◆ Try it: Look in the material below for the line holding "Lot displayed on". Set it down exactly, with each later line up to and including the line holding "Binh sỹ Hàn".

◆ Data shown:
------------------------------
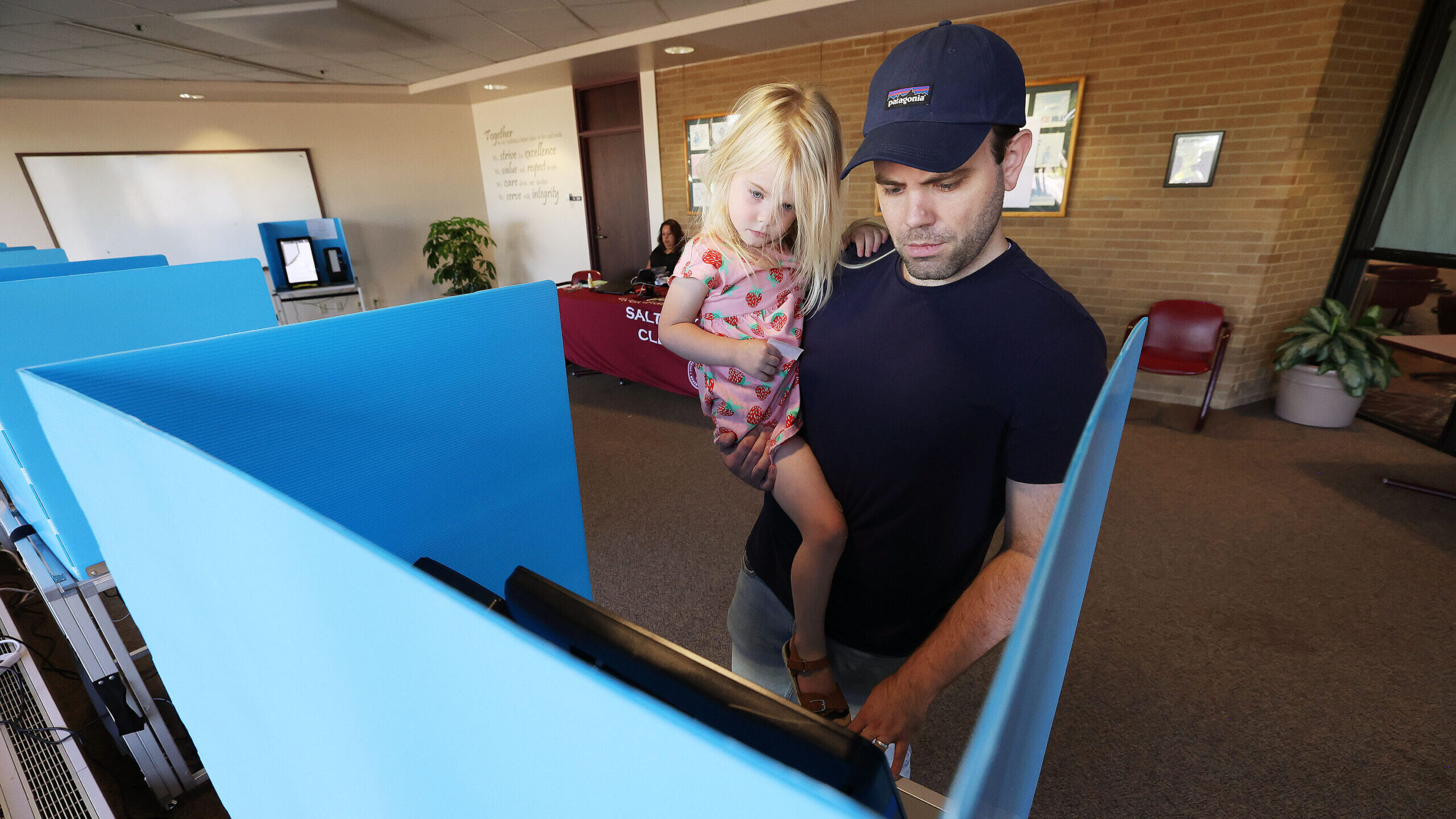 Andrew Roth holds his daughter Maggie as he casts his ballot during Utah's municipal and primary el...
------------------------------
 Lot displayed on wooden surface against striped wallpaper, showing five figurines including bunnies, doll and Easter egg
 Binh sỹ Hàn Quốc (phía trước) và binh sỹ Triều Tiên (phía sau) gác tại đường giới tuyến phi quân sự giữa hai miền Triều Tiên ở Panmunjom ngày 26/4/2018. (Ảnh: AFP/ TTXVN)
------------------------------
◆ Output of the task:
 Lot displayed on wooden surface against striped wallpaper, showing five figurines including bunnies, doll and Easter egg
 Binh sỹ Hàn Quốc (phía trước) và binh sỹ Triều Tiên (phía sau) gác tại đường giới tuyến phi quân sự giữa hai miền Triều Tiên ở Panmunjom ngày 26/4/2018. (Ảnh: AFP/ TTXVN)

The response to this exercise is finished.